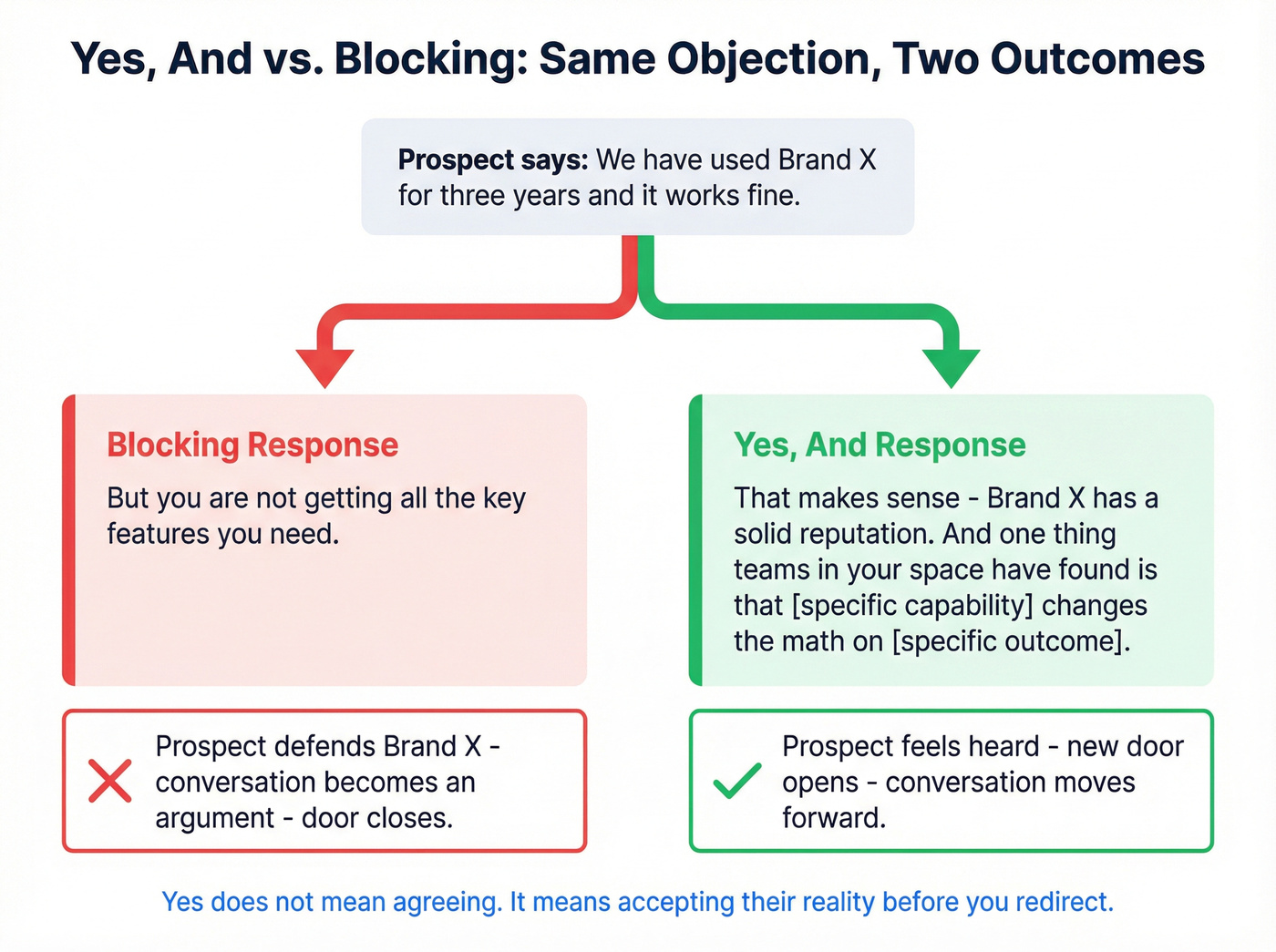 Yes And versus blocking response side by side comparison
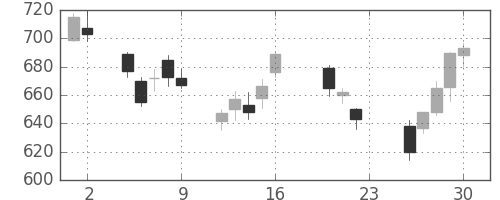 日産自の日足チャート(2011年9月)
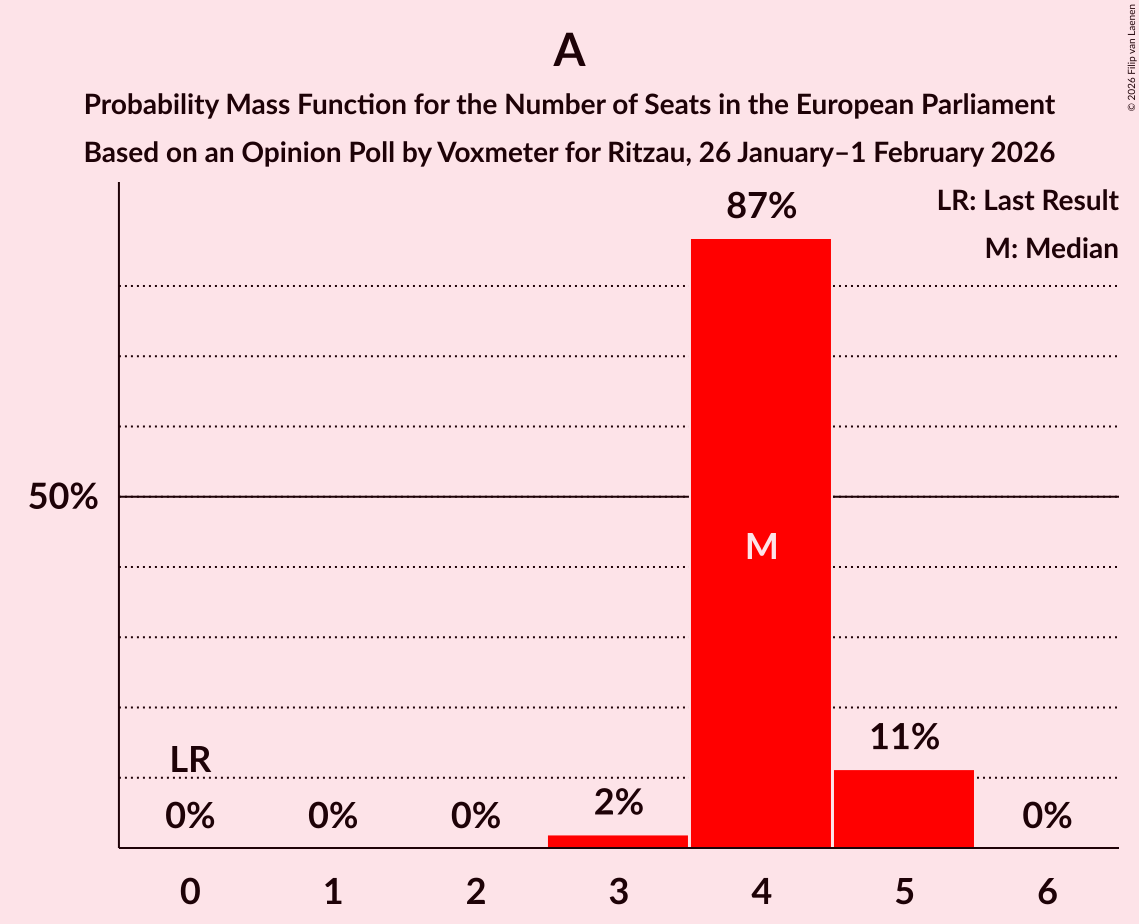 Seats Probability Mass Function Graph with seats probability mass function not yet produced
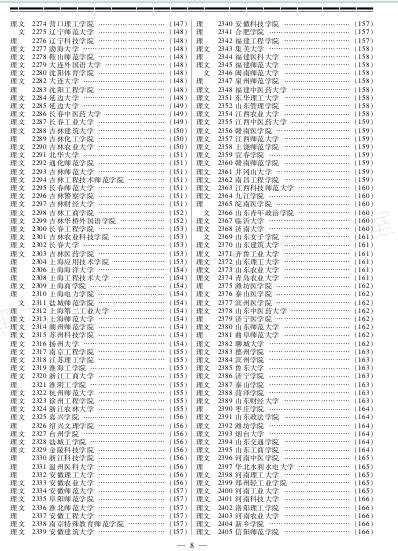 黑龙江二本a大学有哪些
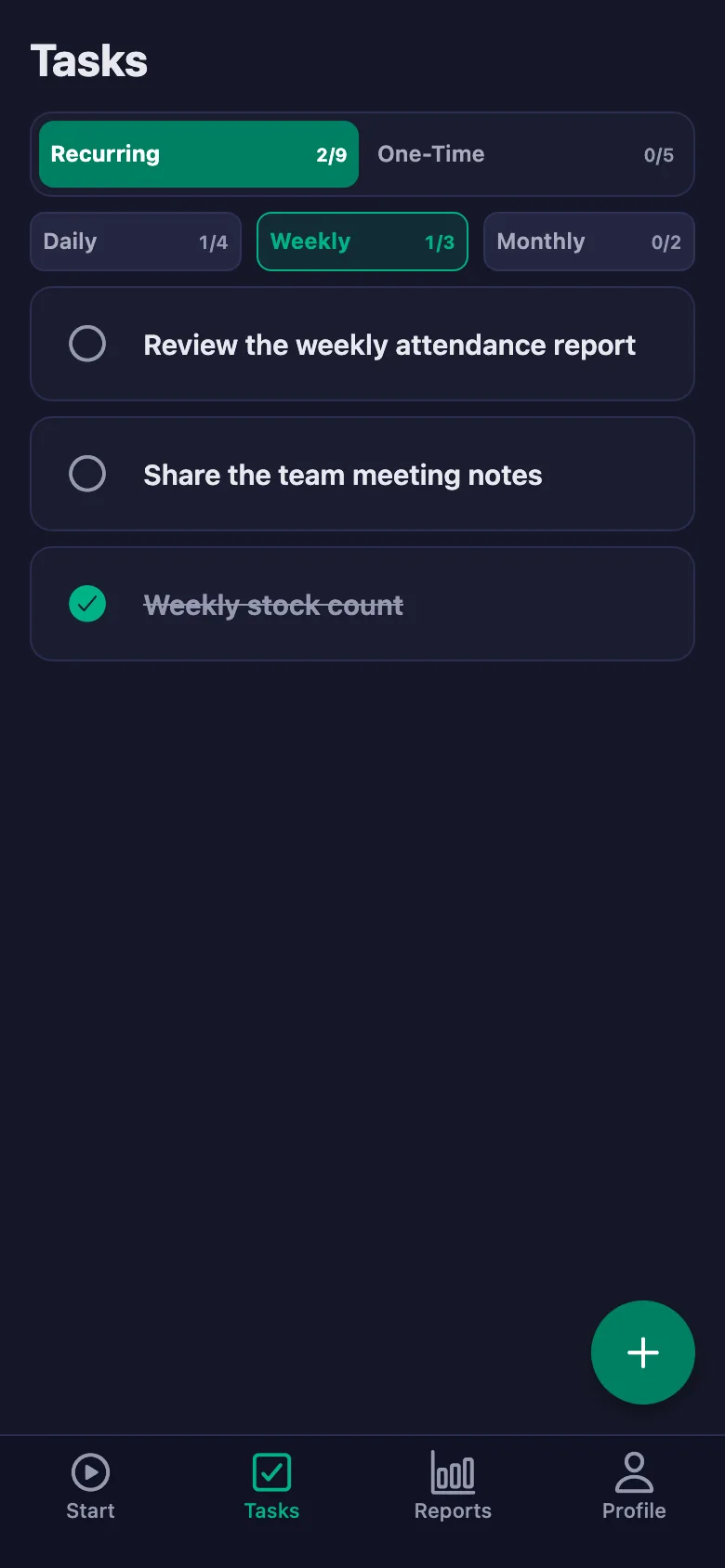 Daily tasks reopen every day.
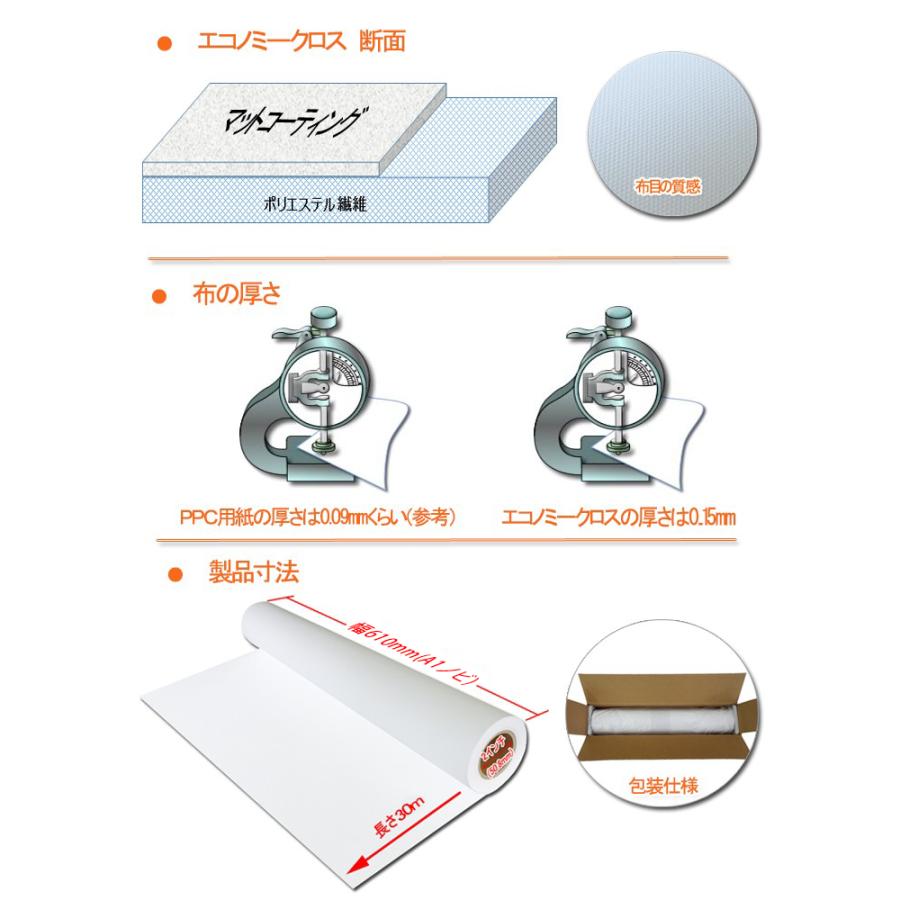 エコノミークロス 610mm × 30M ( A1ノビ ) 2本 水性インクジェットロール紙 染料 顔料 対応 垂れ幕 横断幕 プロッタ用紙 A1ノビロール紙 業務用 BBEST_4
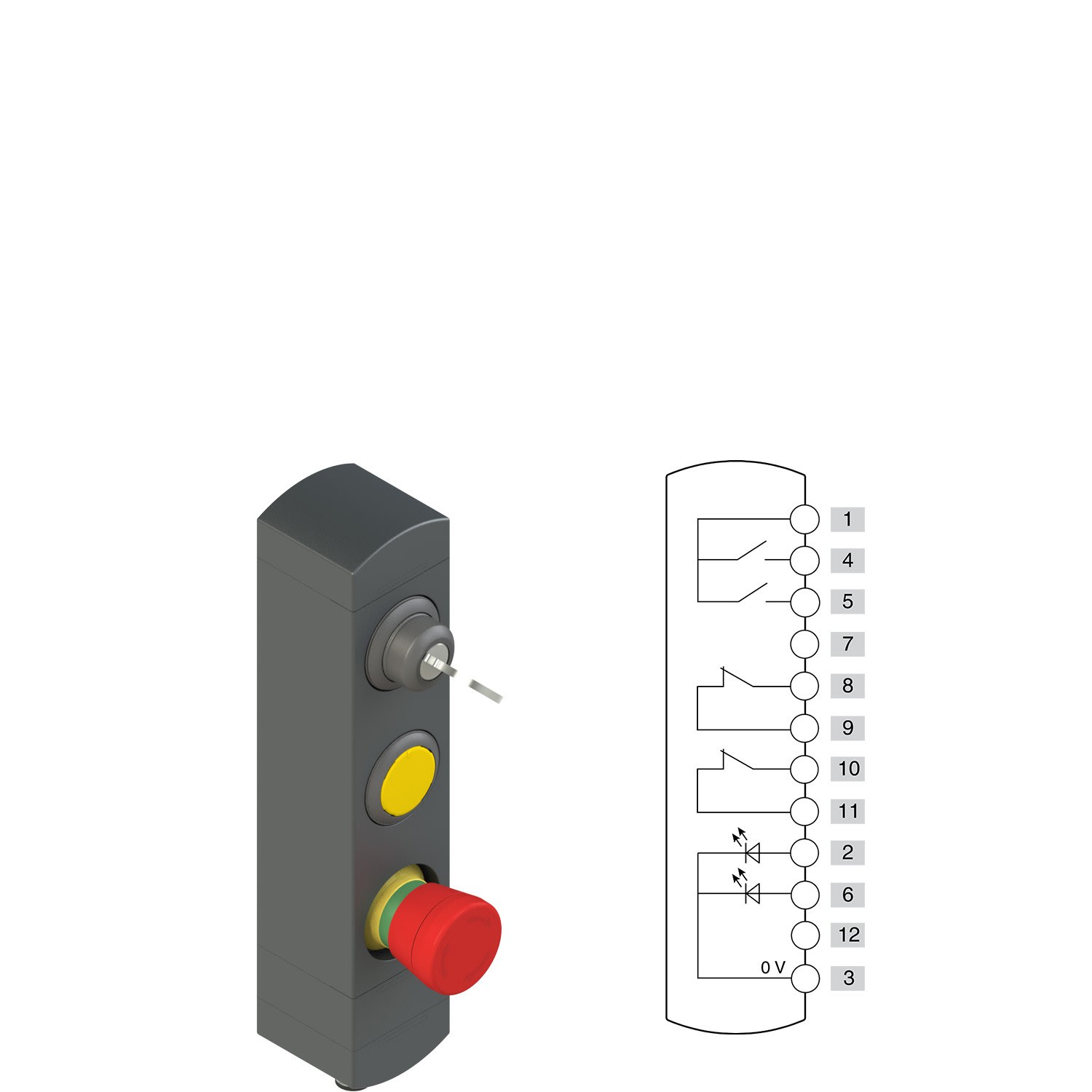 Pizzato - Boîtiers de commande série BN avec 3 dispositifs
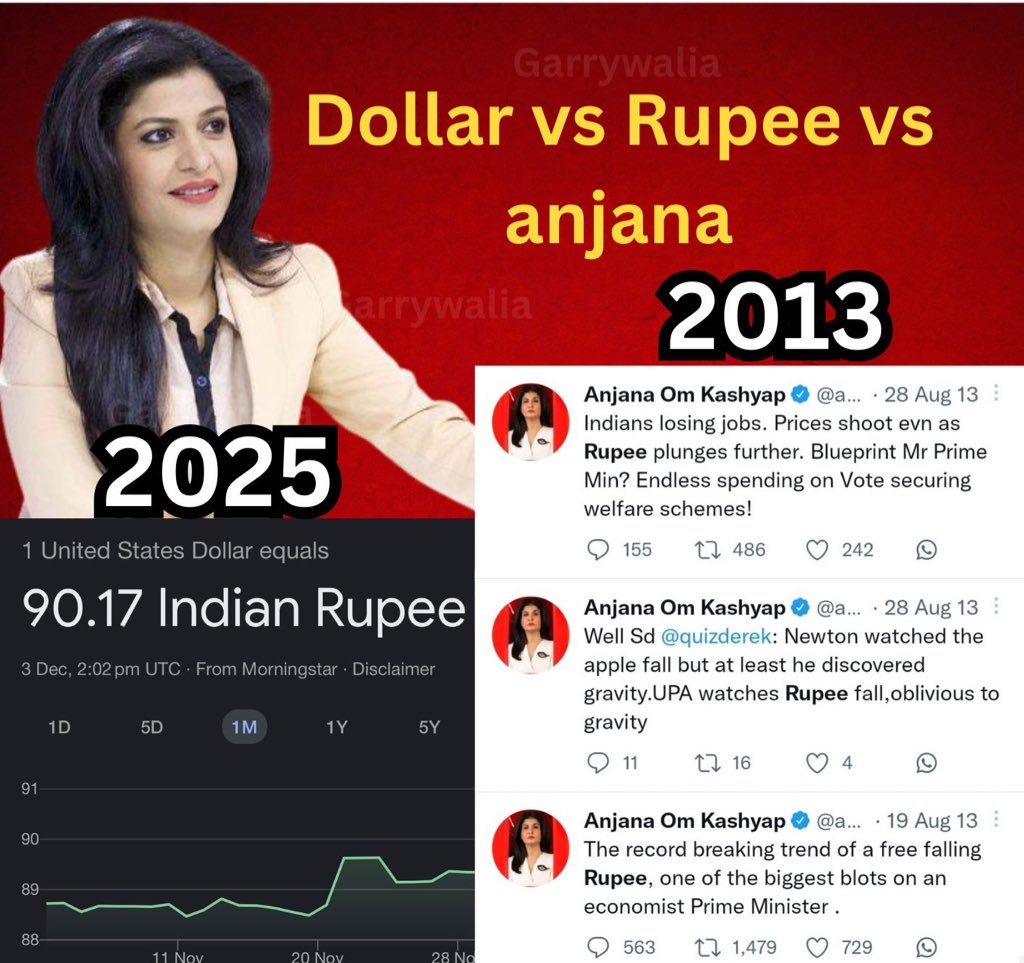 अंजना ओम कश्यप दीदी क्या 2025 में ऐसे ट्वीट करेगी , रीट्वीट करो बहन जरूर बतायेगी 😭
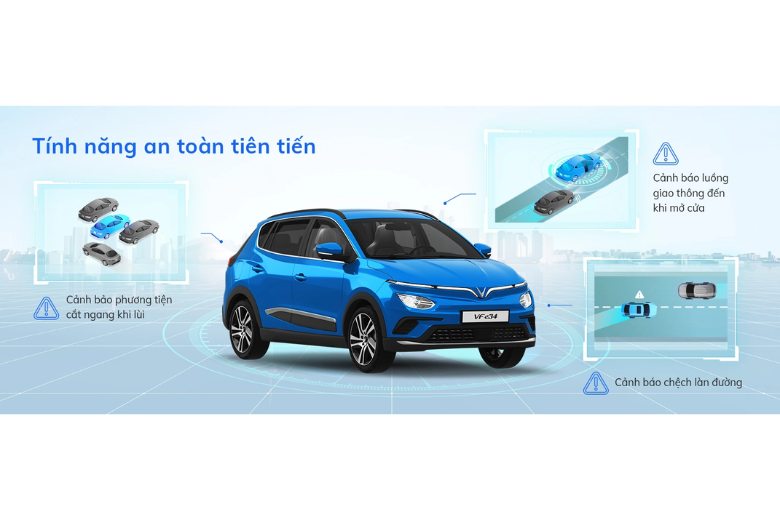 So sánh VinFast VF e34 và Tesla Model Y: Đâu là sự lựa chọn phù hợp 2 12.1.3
--*--
- **AIM OF THE TASK**: Beginning with the line that contains "日産自の日足チャート(2011年9月)" and ending with the last line of the data, restate each line word for word. Exclude the pictures.

- **SOLUTION BELOW**:
 日産自の日足チャート(2011年9月)
 Seats Probability Mass Function Graph with seats probability mass function not yet produced
 黑龙江二本a大学有哪些
 Daily tasks reopen every day.
 エコノミークロス 610mm × 30M ( A1ノビ ) 2本 水性インクジェットロール紙 染料 顔料 対応 垂れ幕 横断幕 プロッタ用紙 A1ノビロール紙 業務用 BBEST_4
 Pizzato - Boîtiers de commande série BN avec 3 dispositifs
 अंजना ओम कश्यप दीदी क्या 2025 में ऐसे ट्वीट करेगी , रीट्वीट करो बहन जरूर बतायेगी 😭
 So sánh VinFast VF e34 và Tesla Model Y: Đâu là sự lựa chọn phù hợp 2 12.1.3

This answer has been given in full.